L’escamotage usato dai boss
Come riportato dal Messaggero, sono oltre 20 i boss che negli ultimi anni sono riusciti ad ottenere di scontare gli arresti domiciliari in queste strutture e la scelta ricade sempre sulle stesse tre o quattro. Sarà un puro caso? Così i boss si ritrovano liberi di stipulare nuove alleanze e sodalizi che le forze dell’Ordine avevano faticosamente smantellato. Nonostante molti di loro non abbiamo fatto uso di stupefacenti, riescono comunque a farsi certificare una presunta tossicodipendenza sulla base di analisi spesso truccate. Inoltre non tutti possono permettersi di pagare la retta, eppure molti di loro, non si sa con quali entrate, versano in contanti anche oltre 2mila euro.
Le strutture
Una delle strutture maggiormente ricorrente in questo giro di affari è la comunità “Il Merro” di Palestrina.

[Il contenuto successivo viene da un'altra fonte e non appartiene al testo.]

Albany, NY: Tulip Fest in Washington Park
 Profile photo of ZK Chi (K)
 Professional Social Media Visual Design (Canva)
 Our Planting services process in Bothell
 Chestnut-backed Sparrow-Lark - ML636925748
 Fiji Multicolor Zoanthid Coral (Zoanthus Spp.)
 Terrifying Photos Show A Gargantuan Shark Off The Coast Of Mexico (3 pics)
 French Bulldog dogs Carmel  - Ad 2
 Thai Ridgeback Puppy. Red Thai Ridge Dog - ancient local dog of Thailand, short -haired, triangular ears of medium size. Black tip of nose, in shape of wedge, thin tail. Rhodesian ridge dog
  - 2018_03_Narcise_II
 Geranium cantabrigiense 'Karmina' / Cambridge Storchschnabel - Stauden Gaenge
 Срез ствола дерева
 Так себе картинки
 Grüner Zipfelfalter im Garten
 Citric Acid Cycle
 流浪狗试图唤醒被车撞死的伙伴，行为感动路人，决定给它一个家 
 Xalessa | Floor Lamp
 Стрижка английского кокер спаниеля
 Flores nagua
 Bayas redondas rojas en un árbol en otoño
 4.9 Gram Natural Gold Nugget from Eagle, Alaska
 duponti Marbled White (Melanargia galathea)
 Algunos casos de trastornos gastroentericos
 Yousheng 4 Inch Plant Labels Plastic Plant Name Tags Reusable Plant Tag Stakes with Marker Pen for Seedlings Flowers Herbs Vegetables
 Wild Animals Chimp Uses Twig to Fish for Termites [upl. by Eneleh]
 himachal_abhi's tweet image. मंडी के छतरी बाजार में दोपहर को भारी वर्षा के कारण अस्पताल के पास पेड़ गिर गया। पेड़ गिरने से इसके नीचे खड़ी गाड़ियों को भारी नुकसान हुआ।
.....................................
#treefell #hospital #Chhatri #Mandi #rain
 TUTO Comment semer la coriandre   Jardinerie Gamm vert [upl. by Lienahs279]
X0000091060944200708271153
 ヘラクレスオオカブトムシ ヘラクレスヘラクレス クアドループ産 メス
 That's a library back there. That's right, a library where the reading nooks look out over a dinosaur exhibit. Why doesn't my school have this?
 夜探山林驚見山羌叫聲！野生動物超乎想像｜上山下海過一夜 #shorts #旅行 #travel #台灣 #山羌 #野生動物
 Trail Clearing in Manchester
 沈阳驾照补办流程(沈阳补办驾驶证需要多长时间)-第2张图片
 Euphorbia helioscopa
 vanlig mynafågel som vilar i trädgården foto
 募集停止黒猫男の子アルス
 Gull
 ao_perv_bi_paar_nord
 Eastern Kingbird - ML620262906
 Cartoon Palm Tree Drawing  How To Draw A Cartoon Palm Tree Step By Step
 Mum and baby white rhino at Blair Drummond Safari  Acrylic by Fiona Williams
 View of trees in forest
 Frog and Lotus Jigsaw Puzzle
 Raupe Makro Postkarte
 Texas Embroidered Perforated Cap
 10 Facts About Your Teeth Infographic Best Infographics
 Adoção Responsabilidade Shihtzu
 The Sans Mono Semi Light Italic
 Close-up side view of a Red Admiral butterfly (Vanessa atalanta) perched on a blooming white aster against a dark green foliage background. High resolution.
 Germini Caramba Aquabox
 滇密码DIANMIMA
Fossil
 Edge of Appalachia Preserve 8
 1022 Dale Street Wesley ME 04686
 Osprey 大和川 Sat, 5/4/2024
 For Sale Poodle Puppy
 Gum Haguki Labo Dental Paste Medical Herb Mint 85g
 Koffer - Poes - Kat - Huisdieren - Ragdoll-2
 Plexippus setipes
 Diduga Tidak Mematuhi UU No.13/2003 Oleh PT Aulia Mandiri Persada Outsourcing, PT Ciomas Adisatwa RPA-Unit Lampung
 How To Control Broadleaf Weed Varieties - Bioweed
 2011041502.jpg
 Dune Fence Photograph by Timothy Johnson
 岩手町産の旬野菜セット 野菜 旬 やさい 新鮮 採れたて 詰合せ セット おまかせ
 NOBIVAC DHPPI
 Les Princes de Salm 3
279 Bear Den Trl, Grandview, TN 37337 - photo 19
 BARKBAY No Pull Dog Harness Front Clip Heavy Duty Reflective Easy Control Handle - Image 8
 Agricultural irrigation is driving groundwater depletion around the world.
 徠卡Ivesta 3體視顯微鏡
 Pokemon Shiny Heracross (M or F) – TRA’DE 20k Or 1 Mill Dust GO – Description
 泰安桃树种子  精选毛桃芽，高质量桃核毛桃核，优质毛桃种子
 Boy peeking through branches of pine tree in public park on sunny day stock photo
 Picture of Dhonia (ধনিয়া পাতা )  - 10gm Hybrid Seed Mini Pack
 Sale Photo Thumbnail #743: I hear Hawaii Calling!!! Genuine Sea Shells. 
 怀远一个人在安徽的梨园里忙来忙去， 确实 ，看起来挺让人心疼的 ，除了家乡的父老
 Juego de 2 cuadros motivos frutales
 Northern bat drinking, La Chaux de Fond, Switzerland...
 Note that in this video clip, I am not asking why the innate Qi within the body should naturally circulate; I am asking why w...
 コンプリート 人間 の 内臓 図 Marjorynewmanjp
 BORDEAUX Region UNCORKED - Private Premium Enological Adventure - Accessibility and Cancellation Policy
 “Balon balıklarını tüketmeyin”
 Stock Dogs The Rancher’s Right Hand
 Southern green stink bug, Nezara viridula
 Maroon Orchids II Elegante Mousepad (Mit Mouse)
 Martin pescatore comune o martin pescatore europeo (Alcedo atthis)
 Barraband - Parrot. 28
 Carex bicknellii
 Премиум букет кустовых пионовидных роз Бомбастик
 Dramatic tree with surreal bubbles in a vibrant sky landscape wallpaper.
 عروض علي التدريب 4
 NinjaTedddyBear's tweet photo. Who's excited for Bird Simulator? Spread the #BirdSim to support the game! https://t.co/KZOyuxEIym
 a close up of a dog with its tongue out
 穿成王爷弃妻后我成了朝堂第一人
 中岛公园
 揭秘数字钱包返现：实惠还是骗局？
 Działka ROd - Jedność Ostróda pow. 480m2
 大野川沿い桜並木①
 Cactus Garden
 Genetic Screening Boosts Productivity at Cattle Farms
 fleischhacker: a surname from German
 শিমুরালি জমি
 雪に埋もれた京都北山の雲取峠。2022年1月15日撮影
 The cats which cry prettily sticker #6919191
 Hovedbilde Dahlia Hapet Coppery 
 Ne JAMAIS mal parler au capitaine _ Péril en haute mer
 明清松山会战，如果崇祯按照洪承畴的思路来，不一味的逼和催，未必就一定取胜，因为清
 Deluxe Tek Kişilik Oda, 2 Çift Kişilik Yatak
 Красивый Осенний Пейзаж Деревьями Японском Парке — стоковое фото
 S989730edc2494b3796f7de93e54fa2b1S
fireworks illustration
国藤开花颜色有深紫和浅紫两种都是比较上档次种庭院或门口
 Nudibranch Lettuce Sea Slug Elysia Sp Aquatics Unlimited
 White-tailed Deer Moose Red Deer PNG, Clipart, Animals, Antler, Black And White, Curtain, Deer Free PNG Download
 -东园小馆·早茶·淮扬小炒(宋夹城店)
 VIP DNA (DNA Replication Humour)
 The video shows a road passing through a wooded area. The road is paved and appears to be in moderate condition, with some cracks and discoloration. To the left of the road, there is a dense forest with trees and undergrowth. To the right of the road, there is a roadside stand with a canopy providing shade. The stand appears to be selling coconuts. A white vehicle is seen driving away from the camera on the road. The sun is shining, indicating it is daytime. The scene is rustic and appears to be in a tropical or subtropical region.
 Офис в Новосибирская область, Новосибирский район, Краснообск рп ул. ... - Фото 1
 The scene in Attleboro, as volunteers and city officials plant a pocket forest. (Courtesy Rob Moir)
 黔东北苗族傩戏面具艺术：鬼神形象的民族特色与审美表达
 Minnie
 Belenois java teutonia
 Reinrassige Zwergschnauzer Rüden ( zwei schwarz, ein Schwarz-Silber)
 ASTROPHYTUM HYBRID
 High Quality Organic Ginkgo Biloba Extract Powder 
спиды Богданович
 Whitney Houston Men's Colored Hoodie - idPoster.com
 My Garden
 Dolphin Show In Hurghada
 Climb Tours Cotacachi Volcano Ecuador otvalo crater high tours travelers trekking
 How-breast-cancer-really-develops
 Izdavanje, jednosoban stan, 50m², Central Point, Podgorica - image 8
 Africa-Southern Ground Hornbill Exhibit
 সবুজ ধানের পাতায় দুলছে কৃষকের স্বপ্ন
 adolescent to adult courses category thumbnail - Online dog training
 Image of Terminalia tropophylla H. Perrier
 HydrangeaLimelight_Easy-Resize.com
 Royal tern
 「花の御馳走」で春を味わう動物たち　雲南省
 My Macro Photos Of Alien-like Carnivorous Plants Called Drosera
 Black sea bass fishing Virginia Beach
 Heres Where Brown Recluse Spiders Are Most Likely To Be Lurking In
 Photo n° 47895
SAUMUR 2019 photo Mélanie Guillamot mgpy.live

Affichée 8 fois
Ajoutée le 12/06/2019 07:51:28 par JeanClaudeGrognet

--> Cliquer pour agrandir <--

Quest’ultima ha ospitato criminali di un certo livello quali ad esempio: alcuni esponenti dei Casamonica, del clan Moccia, “Il Barboncino” che è deceduto al suo interno lo scorso marzo ed ancora Fabrizio Piscitelli, alias Diabolik e numerosi altri. Insomma, la struttura appare alquanto frequentata e non nuova ai fatti descritti pocanzi. Ora starà alle indagini effettuate dalla Procura cercare di fare chiarezza sui fatti cercando di mettere definitivamente la parola fine alla vicenda i cui contorni sono, attualmente, poco chiari.